It should also be problematic to remove silicones from bare metal surfaces.

Kind regards,

Ebbe


----------



## Dodo Factory (Apr 11, 2007)

Hi Ebbe

Production line spray processes and uncured paint are different scenarios to what most detailers come across, but I agree that certain silicones could be undesirable in these scenarios. Please note that many machine polishing compounds contain a lot of silicone even when claiming to be 'bodyshop safe'. They just use bodyshop safe silicones!

All I would say is that

1) modern silicones tend to be far more beneficial than bad in car care applications, generally speaking;

2) silicones are found in the majority of car care products that create shine, lubrication or need to be buffed;

3) most sealants people rave about use silicone polymer technology

and in a wider sense

4) 'naturalness' and high performance car care products do not go together as a general rule; nature has its limitations!

5) due to a lack of regulation, what is stated on a label or as an advertising claim in the car care industry may not be as legitimate or as accurate as you, the customer, may think (trading standards offers little real world protection as some claims can be legitimised through careful calculation or representation of the facts)

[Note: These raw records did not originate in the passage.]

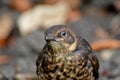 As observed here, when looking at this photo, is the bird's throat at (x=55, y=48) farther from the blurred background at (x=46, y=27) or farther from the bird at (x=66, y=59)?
the blurred background at (x=46, y=27)

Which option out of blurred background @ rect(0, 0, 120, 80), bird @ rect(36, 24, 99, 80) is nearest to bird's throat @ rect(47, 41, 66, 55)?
bird @ rect(36, 24, 99, 80)

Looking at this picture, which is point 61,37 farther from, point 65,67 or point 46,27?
point 46,27

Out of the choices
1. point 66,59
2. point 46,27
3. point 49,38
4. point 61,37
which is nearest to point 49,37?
point 49,38

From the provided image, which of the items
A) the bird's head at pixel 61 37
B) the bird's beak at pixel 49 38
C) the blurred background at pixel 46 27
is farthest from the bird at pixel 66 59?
the blurred background at pixel 46 27

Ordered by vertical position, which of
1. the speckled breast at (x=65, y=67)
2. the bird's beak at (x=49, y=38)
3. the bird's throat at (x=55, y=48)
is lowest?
the speckled breast at (x=65, y=67)

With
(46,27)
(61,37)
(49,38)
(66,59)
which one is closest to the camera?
(49,38)

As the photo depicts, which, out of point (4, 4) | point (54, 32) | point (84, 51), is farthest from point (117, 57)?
point (4, 4)

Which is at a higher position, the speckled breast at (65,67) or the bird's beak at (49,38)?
the bird's beak at (49,38)

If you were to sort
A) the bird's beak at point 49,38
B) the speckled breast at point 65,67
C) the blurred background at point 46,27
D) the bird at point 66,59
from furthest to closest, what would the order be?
the blurred background at point 46,27, the speckled breast at point 65,67, the bird at point 66,59, the bird's beak at point 49,38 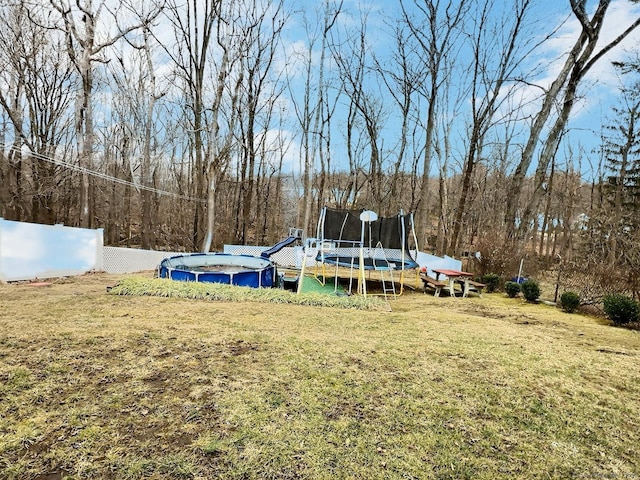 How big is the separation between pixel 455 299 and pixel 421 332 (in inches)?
142

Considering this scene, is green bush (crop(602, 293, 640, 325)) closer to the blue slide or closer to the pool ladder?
the pool ladder

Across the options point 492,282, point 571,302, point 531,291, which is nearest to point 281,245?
point 492,282

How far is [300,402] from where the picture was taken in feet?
6.86

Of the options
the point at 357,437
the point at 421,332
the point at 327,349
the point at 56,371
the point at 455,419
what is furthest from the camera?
the point at 421,332

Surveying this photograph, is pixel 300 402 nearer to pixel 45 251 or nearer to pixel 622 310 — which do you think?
pixel 622 310

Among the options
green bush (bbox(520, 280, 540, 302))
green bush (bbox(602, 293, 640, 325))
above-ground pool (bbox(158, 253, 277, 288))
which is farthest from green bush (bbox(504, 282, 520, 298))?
above-ground pool (bbox(158, 253, 277, 288))

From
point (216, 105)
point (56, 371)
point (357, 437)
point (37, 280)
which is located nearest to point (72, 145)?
point (216, 105)

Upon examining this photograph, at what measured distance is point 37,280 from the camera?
7301 millimetres

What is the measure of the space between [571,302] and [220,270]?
7964 mm

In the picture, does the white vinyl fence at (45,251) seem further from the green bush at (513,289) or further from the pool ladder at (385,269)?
the green bush at (513,289)

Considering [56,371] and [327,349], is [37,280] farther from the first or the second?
[327,349]

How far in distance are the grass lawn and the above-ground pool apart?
3475 mm

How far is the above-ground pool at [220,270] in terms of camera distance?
743cm

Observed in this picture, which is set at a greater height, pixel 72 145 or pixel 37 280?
pixel 72 145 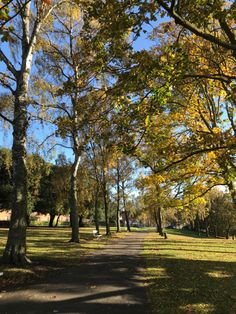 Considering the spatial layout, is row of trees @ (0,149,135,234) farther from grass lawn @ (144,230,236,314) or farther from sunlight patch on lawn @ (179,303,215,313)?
sunlight patch on lawn @ (179,303,215,313)

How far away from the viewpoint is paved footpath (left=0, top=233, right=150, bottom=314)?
6.73 metres

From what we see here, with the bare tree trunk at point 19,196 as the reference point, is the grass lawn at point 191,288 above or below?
below

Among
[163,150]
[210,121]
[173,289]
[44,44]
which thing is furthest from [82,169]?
[173,289]

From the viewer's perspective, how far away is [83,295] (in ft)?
25.5

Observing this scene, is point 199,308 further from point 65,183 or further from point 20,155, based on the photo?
point 65,183

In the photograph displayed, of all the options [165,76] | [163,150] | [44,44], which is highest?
[44,44]

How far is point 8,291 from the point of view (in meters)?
8.09

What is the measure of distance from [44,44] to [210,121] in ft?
35.7

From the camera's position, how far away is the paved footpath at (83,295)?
22.1ft

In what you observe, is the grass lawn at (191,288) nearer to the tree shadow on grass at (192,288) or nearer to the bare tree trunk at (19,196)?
the tree shadow on grass at (192,288)

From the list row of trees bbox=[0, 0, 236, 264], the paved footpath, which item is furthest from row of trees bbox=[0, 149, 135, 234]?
the paved footpath

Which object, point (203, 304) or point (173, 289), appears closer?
point (203, 304)

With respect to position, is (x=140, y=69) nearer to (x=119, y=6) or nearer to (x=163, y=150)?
(x=119, y=6)

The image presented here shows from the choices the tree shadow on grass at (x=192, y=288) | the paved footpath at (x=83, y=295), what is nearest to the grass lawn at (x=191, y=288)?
the tree shadow on grass at (x=192, y=288) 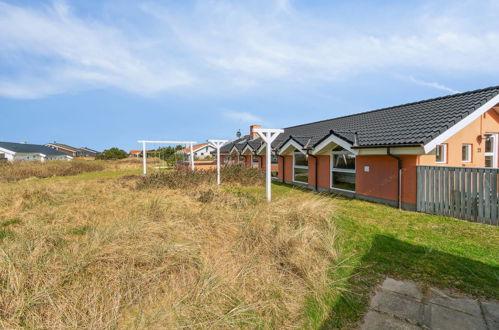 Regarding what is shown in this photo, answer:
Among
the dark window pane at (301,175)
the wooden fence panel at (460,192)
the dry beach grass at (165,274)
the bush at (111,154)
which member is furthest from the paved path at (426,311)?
the bush at (111,154)

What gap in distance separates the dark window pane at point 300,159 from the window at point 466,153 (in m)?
6.43

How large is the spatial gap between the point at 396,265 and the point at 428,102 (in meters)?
9.38

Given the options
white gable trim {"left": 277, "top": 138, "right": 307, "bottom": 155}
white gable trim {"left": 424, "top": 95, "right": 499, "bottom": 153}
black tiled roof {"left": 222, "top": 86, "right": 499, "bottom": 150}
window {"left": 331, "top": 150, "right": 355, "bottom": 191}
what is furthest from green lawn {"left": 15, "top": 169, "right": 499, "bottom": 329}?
white gable trim {"left": 277, "top": 138, "right": 307, "bottom": 155}

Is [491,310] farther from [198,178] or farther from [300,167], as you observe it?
[300,167]

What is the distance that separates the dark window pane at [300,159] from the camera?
13.7 meters

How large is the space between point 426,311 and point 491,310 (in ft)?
2.39

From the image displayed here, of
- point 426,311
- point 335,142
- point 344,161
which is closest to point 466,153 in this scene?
point 344,161

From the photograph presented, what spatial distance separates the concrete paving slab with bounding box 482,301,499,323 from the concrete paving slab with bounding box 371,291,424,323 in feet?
2.06

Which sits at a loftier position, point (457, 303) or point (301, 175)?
point (301, 175)

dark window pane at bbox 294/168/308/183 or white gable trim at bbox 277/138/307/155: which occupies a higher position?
white gable trim at bbox 277/138/307/155

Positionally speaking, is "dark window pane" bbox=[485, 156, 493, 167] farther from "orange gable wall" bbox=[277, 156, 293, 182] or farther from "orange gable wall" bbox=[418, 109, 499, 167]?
"orange gable wall" bbox=[277, 156, 293, 182]

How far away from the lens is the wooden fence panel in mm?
6172

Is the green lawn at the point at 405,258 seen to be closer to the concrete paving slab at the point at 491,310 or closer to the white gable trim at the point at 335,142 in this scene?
the concrete paving slab at the point at 491,310

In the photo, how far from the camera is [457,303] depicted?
2.95 metres
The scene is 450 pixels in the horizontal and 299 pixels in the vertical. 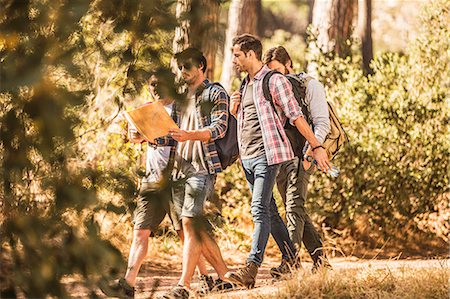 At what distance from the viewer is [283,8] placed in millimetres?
34219

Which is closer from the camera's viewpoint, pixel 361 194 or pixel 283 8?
pixel 361 194

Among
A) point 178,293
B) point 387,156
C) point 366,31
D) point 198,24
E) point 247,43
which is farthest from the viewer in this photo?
point 366,31

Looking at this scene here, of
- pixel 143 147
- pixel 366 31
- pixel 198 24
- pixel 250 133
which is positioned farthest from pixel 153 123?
A: pixel 366 31

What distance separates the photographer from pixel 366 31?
1759cm

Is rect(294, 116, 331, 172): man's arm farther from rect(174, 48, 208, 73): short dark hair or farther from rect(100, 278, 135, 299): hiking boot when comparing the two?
rect(174, 48, 208, 73): short dark hair

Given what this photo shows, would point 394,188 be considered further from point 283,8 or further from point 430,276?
point 283,8

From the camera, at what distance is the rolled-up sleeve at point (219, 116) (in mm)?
6621

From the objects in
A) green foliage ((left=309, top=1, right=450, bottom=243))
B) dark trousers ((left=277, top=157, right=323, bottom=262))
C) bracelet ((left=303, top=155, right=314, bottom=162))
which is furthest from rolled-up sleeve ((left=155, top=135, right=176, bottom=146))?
green foliage ((left=309, top=1, right=450, bottom=243))

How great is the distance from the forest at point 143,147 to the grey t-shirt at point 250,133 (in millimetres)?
1019

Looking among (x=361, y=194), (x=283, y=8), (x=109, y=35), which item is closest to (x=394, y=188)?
(x=361, y=194)

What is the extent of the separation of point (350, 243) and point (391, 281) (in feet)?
13.7

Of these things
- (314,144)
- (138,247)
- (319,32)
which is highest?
(319,32)

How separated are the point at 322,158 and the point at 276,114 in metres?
0.44

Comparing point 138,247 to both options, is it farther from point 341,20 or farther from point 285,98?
point 341,20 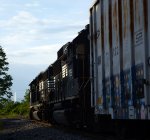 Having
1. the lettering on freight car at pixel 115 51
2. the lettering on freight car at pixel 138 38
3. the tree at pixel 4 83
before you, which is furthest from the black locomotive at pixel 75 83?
the tree at pixel 4 83

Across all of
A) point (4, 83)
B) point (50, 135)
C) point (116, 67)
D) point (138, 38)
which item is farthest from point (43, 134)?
point (4, 83)

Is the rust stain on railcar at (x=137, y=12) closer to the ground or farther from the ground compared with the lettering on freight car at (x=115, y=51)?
farther from the ground

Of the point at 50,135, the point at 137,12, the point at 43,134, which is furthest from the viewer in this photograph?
the point at 43,134

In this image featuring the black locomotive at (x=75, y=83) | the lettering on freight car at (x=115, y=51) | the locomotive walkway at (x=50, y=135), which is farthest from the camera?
the black locomotive at (x=75, y=83)

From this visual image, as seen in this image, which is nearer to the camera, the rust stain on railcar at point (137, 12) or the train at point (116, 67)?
the train at point (116, 67)

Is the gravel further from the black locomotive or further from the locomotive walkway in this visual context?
the black locomotive

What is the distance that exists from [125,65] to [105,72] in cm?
157

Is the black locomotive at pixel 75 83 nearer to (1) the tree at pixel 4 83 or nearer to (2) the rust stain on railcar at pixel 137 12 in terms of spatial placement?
(2) the rust stain on railcar at pixel 137 12

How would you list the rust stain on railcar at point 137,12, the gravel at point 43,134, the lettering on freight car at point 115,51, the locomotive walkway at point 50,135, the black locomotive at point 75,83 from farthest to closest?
the gravel at point 43,134 < the black locomotive at point 75,83 < the locomotive walkway at point 50,135 < the lettering on freight car at point 115,51 < the rust stain on railcar at point 137,12

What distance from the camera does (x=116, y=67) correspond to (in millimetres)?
9977

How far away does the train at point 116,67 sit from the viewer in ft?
27.7

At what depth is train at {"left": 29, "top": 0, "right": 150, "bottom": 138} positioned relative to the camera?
843cm

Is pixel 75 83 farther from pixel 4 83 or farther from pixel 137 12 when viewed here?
pixel 4 83

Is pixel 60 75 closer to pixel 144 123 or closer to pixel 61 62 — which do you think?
pixel 61 62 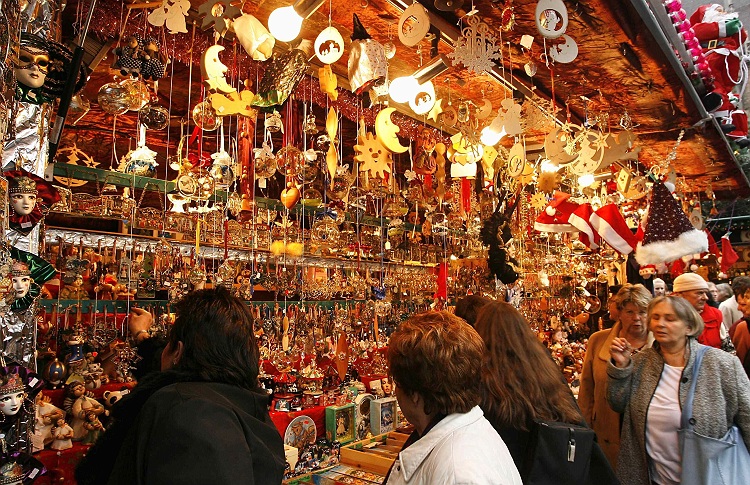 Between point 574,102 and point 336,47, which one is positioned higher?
point 574,102

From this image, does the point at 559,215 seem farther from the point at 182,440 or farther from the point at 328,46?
the point at 182,440

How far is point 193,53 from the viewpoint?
2.45m

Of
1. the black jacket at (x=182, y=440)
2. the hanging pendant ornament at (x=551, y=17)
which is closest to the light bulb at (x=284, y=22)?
the hanging pendant ornament at (x=551, y=17)

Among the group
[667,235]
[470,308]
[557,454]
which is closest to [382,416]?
[470,308]

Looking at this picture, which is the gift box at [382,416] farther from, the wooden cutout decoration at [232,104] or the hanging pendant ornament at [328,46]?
the hanging pendant ornament at [328,46]

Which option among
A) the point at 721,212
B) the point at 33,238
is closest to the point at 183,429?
the point at 33,238

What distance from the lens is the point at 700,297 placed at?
10.1ft

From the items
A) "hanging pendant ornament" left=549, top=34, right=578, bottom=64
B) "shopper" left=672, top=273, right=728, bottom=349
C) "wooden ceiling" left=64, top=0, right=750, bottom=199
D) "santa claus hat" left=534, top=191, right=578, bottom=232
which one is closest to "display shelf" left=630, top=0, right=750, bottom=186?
"wooden ceiling" left=64, top=0, right=750, bottom=199

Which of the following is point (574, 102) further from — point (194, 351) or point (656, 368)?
point (194, 351)

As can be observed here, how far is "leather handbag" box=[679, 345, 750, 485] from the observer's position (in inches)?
69.8

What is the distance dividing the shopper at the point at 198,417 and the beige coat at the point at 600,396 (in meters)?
1.75

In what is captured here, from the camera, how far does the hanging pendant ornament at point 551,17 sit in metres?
1.80

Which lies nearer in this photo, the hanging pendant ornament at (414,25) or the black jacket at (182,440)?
the black jacket at (182,440)

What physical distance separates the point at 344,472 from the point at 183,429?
1.28 m
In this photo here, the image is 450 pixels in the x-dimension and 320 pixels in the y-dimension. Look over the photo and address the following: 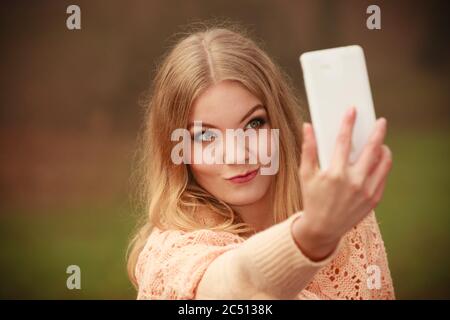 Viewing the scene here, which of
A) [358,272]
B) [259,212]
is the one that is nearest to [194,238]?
[259,212]

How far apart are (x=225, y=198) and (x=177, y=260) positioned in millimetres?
276

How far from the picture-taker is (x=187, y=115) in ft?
4.54

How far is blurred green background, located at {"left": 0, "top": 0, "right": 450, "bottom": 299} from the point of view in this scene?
196cm

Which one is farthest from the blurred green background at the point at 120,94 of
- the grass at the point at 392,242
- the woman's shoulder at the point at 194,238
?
the woman's shoulder at the point at 194,238

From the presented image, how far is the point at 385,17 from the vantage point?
1.99m

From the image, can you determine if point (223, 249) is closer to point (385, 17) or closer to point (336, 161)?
point (336, 161)

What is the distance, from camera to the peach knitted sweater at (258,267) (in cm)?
90

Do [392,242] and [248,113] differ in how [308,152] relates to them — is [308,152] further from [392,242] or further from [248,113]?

6) the only way of telling what is really in a product is to get it independently analysed or to get an accurate answer from the chemist making it; even agents of manufacturers have accidentally misled people on this forum because they do not know the true content of the products they are supplying/selling

Finally, we have analysed a number of products to verify or counter claims that have been made, and our research has given some surprising and interesting answers. But suffice to say, we are not able to disclose them because 1) we are hardly independent, 2) the tests may not be truly representative of products as they are now as recipes change and 3) people would assume that any negative commentary was simply the actions of a competitor 'stirring'. However, we know what we found and we keep this information on file for our own information.

If you ever wanted to properly test a product, the technique would be to find perhaps 3-6 owners of the product in question, all who have bought the product within the last 6 months or so (to ensure it is an accurate representation of the product). Then find an independent university or lab with a Fourier Transform Infra Red Spectrometer and ask them to analyse the sample for silicones. The silicone trace is quite distinctive. You won't be able to find out how to make the product, or how much is in the recipe exactly, but you can see if silicones are present.


----------



## Miguelgomes (Apr 9, 2009)

the silicone isn´t a dangerous ingredient so they don´t have to put them in the msds  

Of course zymol has silicones, most waxes has, if they didn´t add silicones it would be difficult to apply and remove, and the durability would be very poor. 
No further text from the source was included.